[THE DATA]
**********

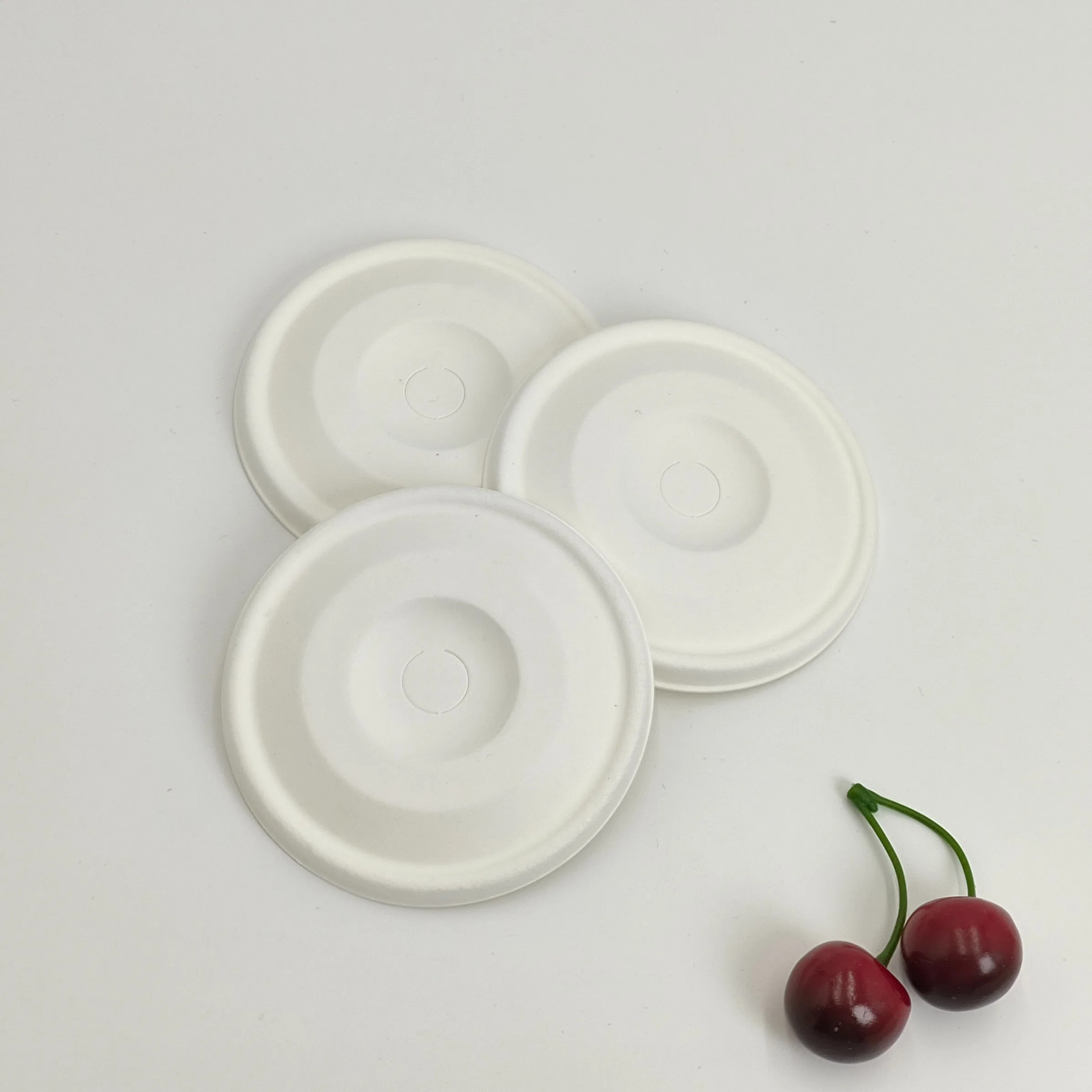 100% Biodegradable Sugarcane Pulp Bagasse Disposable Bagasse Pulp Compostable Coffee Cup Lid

**********

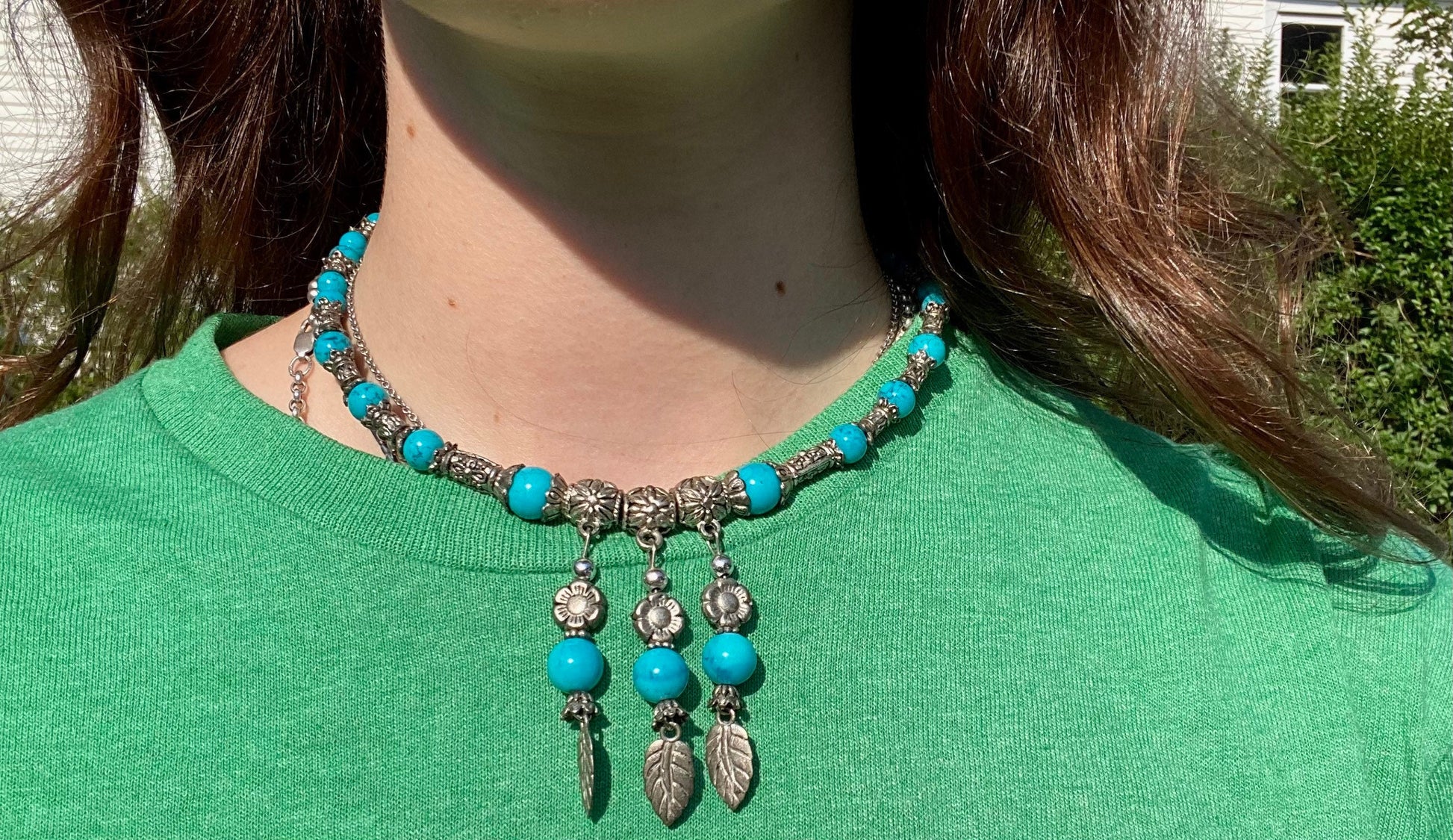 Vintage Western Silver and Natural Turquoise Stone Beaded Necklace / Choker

**********

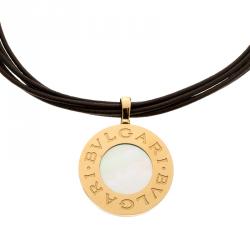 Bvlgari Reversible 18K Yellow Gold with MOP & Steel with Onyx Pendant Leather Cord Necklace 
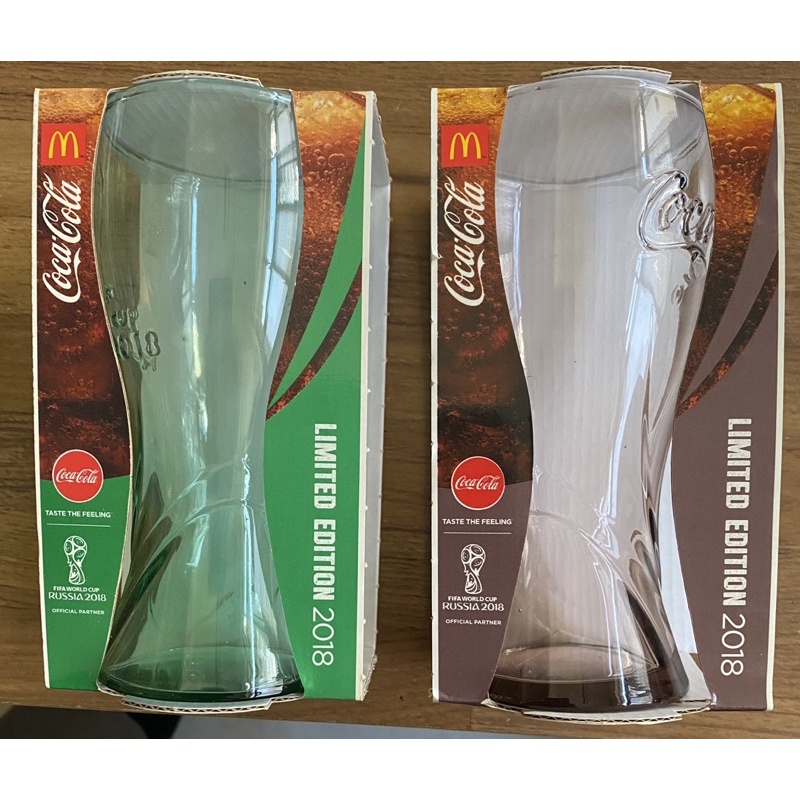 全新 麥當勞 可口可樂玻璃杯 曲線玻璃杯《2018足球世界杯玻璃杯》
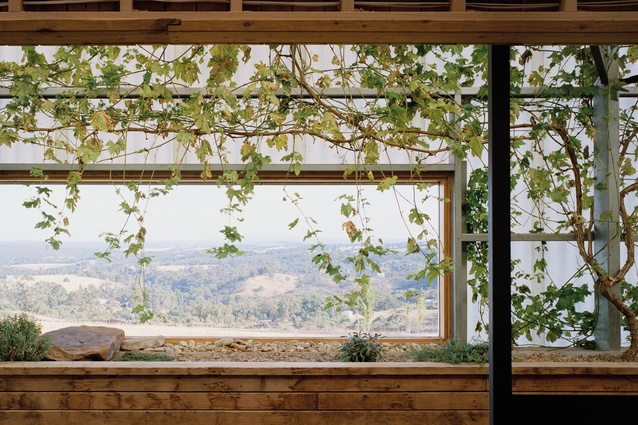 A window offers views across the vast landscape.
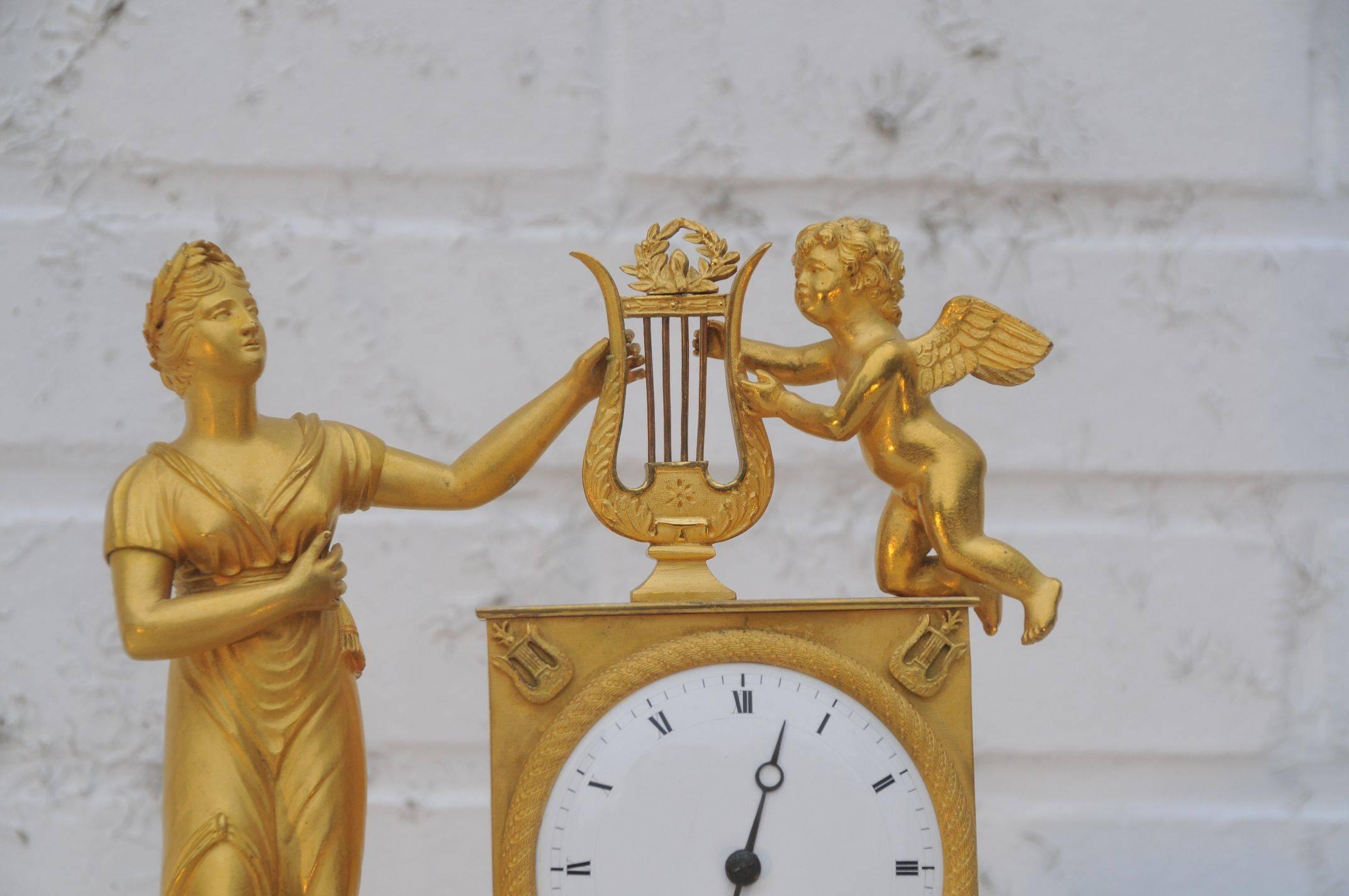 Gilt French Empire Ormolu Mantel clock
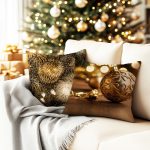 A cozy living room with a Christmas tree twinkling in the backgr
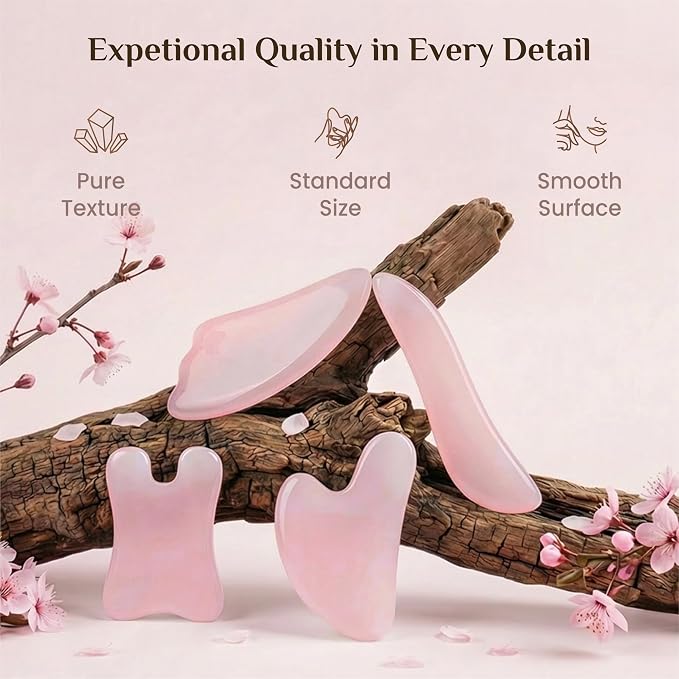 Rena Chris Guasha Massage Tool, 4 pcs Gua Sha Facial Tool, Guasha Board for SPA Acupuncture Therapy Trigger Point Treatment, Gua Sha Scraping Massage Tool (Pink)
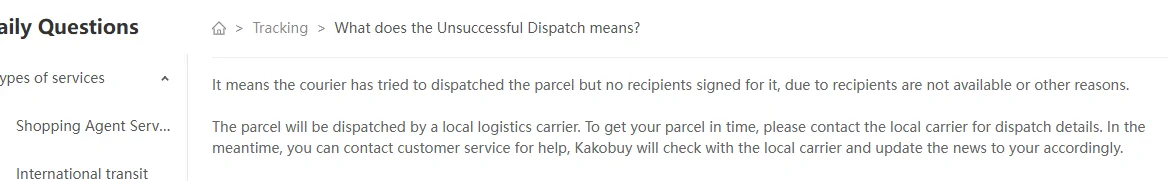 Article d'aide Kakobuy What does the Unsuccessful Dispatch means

**********

From the records above, write out exactly the lines that begin at the line with "Gilt French Empire Ormolu Mantel clock" and end at the line with "Article d'aide Kakobuy". Pictures must not appear in the output.

 Gilt French Empire Ormolu Mantel clock
 A cozy living room with a Christmas tree twinkling in the backgr
 Rena Chris Guasha Massage Tool, 4 pcs Gua Sha Facial Tool, Guasha Board for SPA Acupuncture Therapy Trigger Point Treatment, Gua Sha Scraping Massage Tool (Pink)
 Article d'aide Kakobuy What does the Unsuccessful Dispatch means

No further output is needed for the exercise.